This course will provide you with in-depth information on how to set-up, maintain and analyze Coveo Machine Learning models to create relevant experiences for your audiences.
Learn the core principles, mechanics and models you need to master in order to fully leverage all Coveo Machine Learning features across Coveo platform use cases.
Element covered include:
Description: In this mandatory step, you will explore the concepts and elements that the Coveo Platform uses to power a Machine Learning driven search experience. This includes Query Parameters, Usage Analytics Events and Dimensions, Context, Query Pipelines and more.

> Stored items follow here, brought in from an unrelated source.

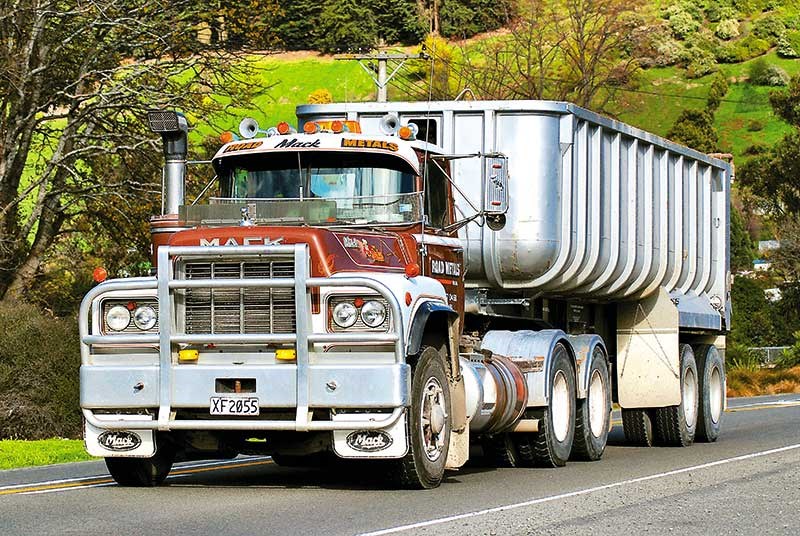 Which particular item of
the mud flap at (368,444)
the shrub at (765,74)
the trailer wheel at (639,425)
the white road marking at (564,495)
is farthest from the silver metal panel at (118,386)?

Description: In this section, you will learn about the mechanics through which the Machine Learning features can optimize the experience for your Visitors. You will explore concepts like: how does it learn, what are the key things to know about each model, what type of information should be used to develop the models and more.
Description: In this section, you will learn the 4 axis of design when building a Machine Learning driven search experience. You will learn how to clearly define your target audiences in terms that can be leverage to create a Machine Learning driven experience and how to configure your Search Interface to measure your audience behavior and utilization of Machine Learning.

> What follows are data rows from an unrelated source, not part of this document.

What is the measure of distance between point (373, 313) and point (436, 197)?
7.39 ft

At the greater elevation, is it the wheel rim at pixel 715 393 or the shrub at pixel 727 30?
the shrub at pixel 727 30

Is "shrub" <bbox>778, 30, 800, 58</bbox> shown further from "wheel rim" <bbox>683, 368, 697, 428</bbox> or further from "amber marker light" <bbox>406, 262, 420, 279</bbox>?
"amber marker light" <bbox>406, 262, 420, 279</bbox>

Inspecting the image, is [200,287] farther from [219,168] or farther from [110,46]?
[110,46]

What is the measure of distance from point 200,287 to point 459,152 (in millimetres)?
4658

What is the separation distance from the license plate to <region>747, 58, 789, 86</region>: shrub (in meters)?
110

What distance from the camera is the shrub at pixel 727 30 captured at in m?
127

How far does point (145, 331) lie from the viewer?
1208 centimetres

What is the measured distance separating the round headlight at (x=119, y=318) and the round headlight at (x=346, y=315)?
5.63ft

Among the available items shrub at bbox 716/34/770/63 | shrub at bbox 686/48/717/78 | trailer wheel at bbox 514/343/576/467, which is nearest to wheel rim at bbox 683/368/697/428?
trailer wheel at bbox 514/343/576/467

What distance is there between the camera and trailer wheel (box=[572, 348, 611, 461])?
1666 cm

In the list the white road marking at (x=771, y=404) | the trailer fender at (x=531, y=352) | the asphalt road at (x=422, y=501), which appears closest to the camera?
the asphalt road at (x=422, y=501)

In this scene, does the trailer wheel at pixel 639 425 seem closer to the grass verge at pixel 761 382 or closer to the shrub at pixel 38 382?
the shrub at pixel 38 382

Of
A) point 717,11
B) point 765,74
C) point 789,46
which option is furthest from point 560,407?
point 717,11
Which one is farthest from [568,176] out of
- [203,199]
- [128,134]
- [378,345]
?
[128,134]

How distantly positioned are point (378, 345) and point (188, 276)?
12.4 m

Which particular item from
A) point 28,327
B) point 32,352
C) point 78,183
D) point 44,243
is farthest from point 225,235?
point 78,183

Description: In this final section, you will put everything you have learned so far into practice by studying 3 archetypical Machine Learning driven search experiences. We will show how the design principles are applied in the context of:
- A Search Portal
- A agent Panel
- An E-commerce portal
Description: In this section, we will cover the basics of Machine Learning instrumentation in the context of providing relevance. We will analyze a business use case example and discuss the importance of dimensions, custom events and context to make Machine Learning successful.